In the listing below, start your output at the line with "Cozy sweatshirt featuring" and end it after the line with "LINEAR FIXTURES LumaStream", copying every line exactly.
[Opening Material to process section]
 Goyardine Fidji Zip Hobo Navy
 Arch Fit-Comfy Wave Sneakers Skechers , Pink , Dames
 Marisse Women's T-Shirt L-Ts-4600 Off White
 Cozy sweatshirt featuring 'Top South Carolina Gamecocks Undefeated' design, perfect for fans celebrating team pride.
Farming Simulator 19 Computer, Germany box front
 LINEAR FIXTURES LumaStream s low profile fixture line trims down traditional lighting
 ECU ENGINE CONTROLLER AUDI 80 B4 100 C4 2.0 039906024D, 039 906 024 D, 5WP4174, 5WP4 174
[Closing Material to process section]
[Opening Material to process section]
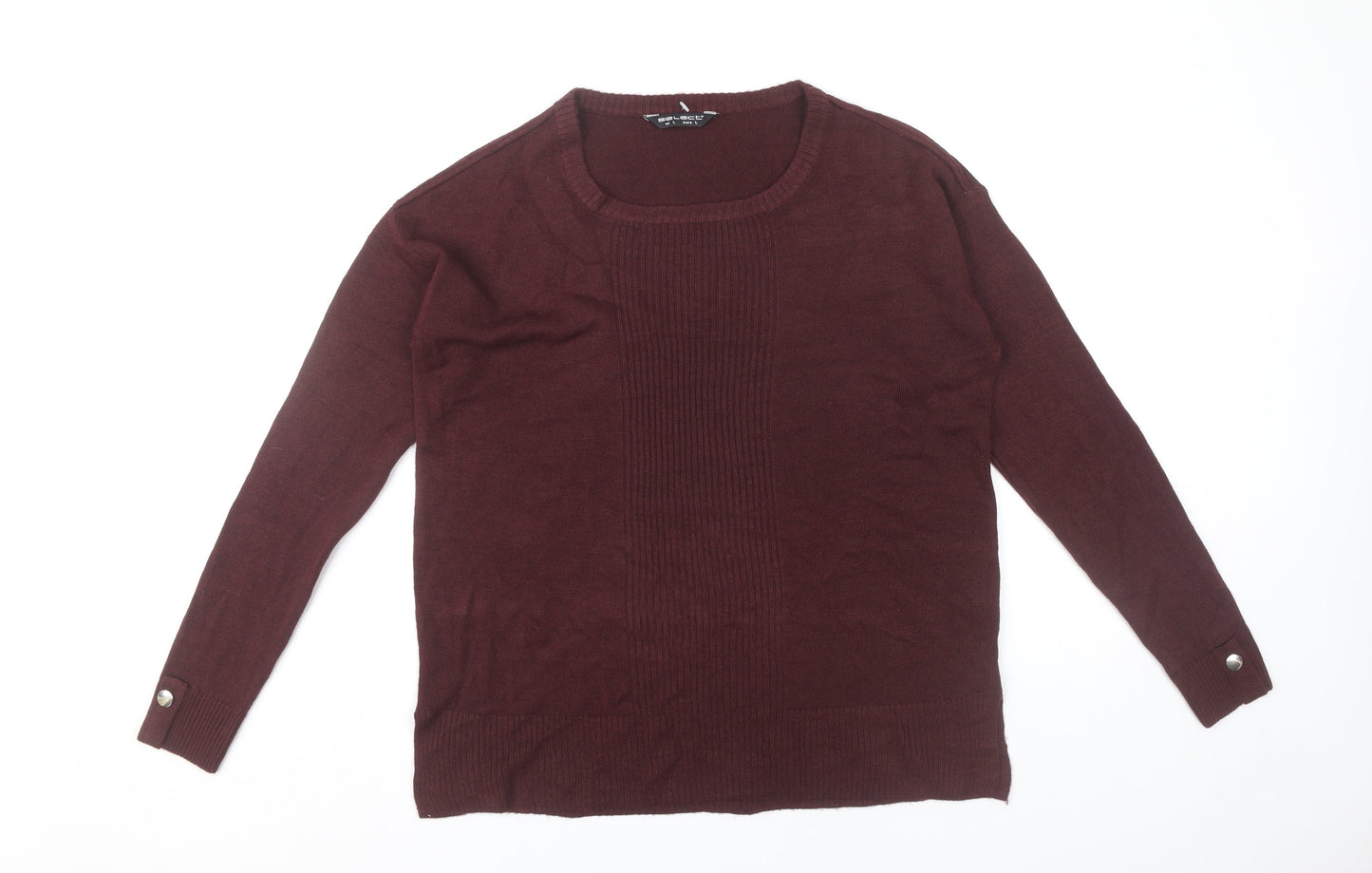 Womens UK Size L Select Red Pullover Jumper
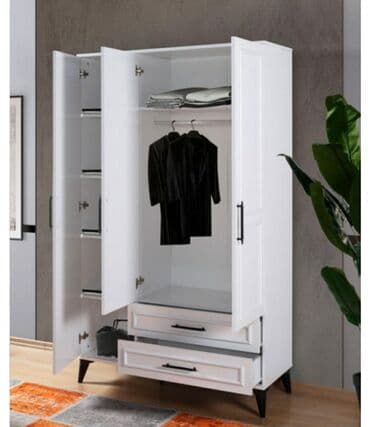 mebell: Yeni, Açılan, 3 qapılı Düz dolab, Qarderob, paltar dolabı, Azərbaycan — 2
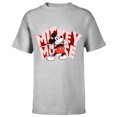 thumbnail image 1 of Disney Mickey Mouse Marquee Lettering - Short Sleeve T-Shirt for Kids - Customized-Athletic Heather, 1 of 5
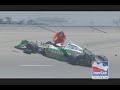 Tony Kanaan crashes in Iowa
[Closing Material to process section]
### Answer box
 Cozy sweatshirt featuring 'Top South Carolina Gamecocks Undefeated' design, perfect for fans celebrating team pride.
Farming Simulator 19 Computer, Germany box front
 LINEAR FIXTURES LumaStream s low profile fixture line trims down traditional lighting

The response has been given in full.